[Stored data]
((

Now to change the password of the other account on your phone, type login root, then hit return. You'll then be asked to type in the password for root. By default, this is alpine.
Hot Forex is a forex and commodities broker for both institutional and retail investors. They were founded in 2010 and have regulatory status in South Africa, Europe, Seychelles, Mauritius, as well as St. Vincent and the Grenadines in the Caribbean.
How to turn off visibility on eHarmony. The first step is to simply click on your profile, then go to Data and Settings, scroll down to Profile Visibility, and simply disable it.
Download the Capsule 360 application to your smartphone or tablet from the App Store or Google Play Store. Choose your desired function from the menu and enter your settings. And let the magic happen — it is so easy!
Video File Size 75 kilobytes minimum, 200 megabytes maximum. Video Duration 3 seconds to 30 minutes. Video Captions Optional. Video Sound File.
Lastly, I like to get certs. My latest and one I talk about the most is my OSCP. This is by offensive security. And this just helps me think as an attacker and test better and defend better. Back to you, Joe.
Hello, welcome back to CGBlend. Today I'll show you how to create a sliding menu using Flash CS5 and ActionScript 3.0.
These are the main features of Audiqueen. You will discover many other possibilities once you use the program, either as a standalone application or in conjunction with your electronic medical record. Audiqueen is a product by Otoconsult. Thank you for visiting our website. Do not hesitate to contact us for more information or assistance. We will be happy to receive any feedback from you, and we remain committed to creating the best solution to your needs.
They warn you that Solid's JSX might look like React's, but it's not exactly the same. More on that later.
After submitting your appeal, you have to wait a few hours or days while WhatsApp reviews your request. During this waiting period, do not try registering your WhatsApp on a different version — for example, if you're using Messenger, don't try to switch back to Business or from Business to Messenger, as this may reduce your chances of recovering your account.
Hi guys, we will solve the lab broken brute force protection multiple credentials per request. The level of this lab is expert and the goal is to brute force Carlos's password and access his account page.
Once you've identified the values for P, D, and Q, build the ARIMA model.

))

[Work instructions]: Go through the data and show each line that holds "request".

[Written solution]:
After submitting your appeal, you have to wait a few hours or days while WhatsApp reviews your request. During this waiting period, do not try registering your WhatsApp on a different version — for example, if you're using Messenger, don't try to switch back to Business or from Business to Messenger, as this may reduce your chances of recovering your account.
Hi guys, we will solve the lab broken brute force protection multiple credentials per request. The level of this lab is expert and the goal is to brute force Carlos's password and access his account page.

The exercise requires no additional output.